(Beginning of EXTRACTED DATA)
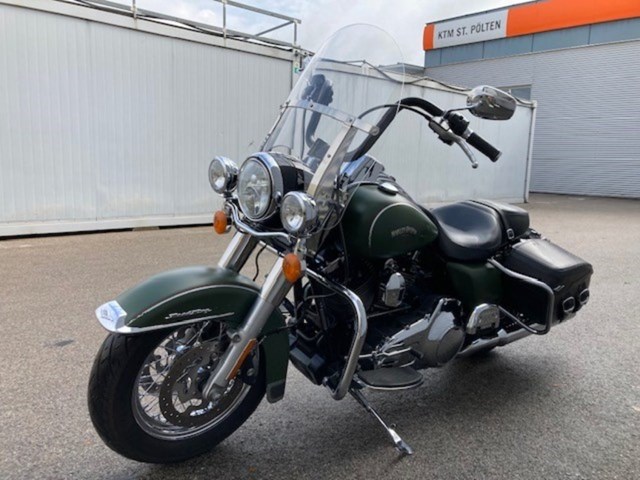 Harley-Davidson Road King Classic FLHRC (schwarz) - Bild 8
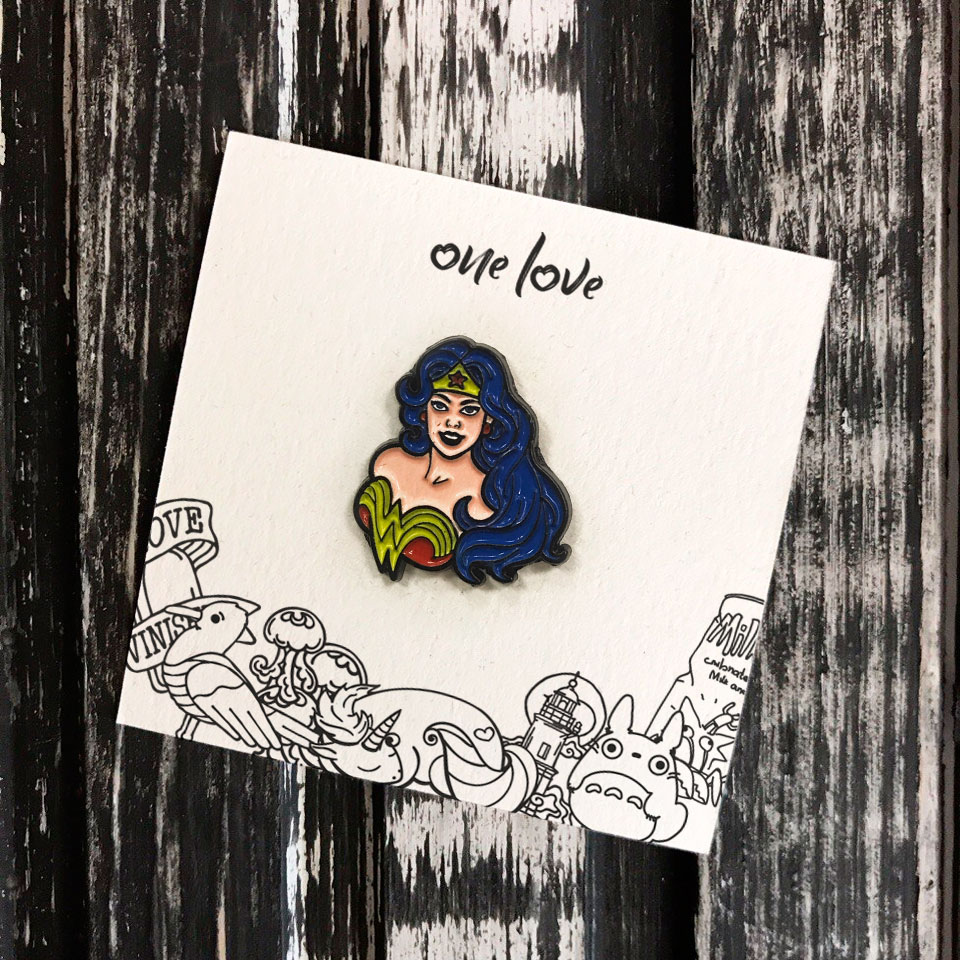 Значок-пин Чудо-женщина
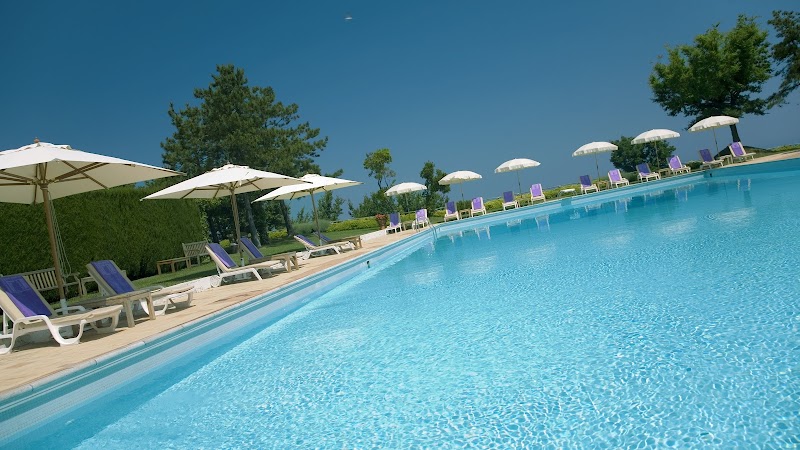 Hotel Emilia in Ancona, Italy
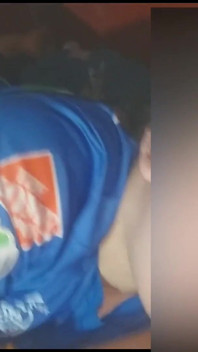 Gadis Meksiko dengan pantat aduhai lagi asik nyepong kontol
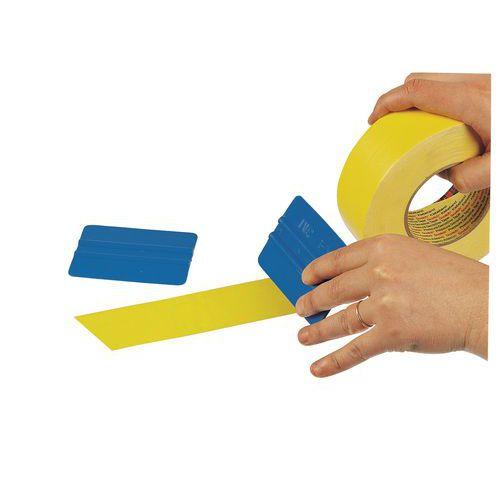 Illustration de : Raclette de marouflage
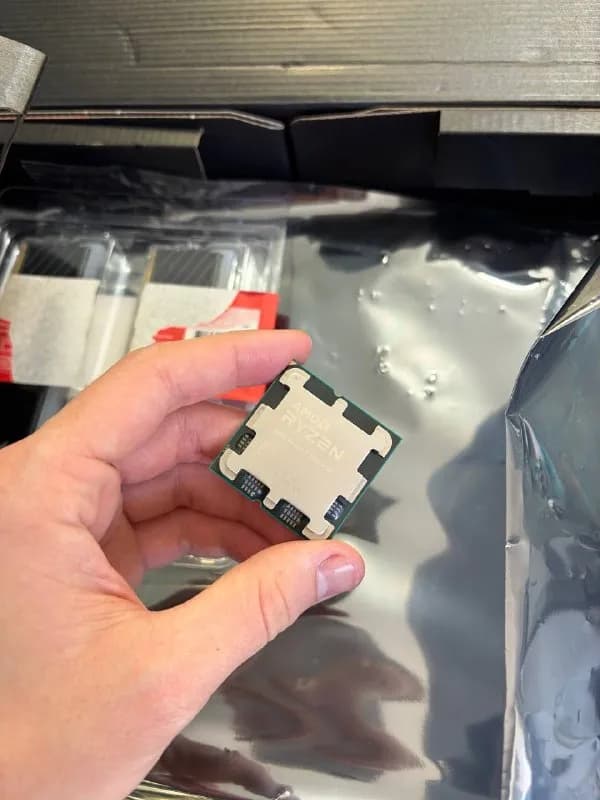 AMD Ryzen 7 7800X3D — Батуми — 900 ₾
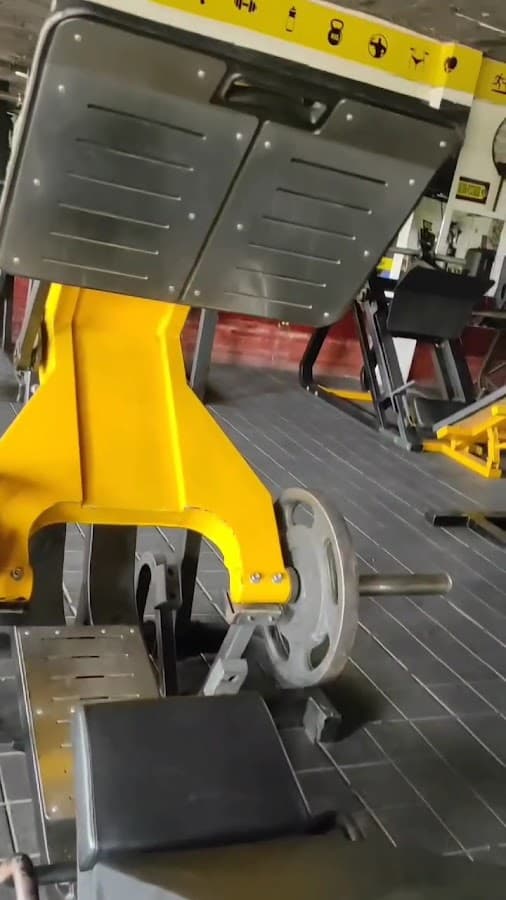 Gym Life Fitness Al Hadid — foto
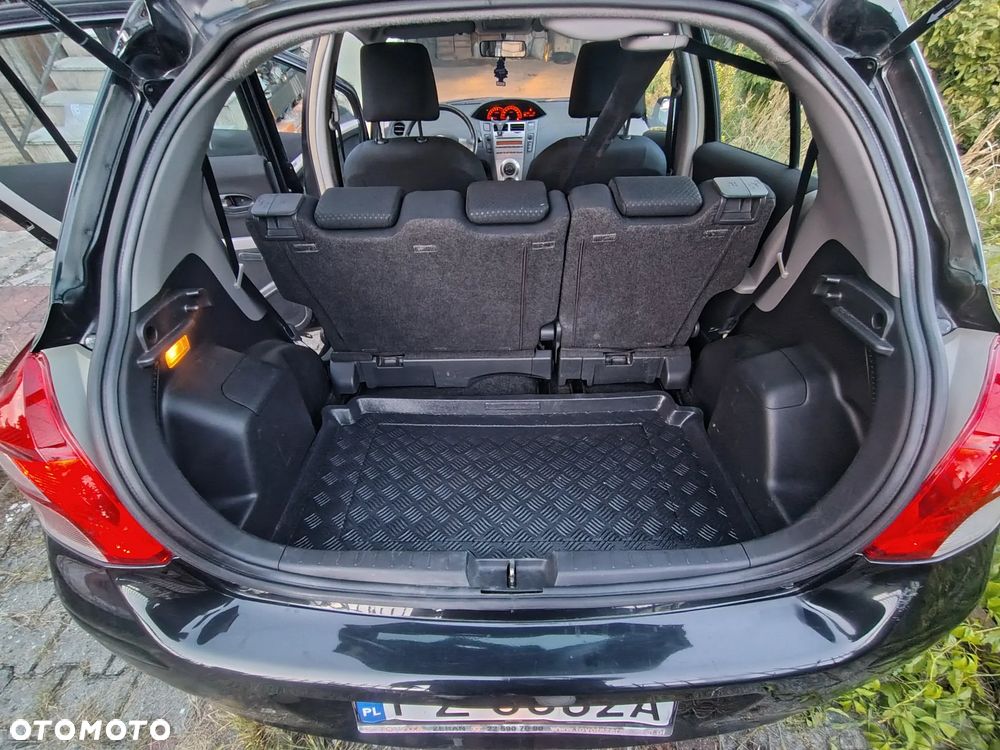Toyota Yaris 1.33 Luna - 22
(End of EXTRACTED DATA)
### EXERCISE INSTRUCTIONS:
The records above, copied word for word without the pictures, are what should be output.

### TASK RESULT:
 Harley-Davidson Road King Classic FLHRC (schwarz) - Bild 8
 Значок-пин Чудо-женщина
 Hotel Emilia in Ancona, Italy
 Gadis Meksiko dengan pantat aduhai lagi asik nyepong kontol
 Illustration de : Raclette de marouflage
 AMD Ryzen 7 7800X3D — Батуми — 900 ₾
 Gym Life Fitness Al Hadid — foto
Toyota Yaris 1.33 Luna - 22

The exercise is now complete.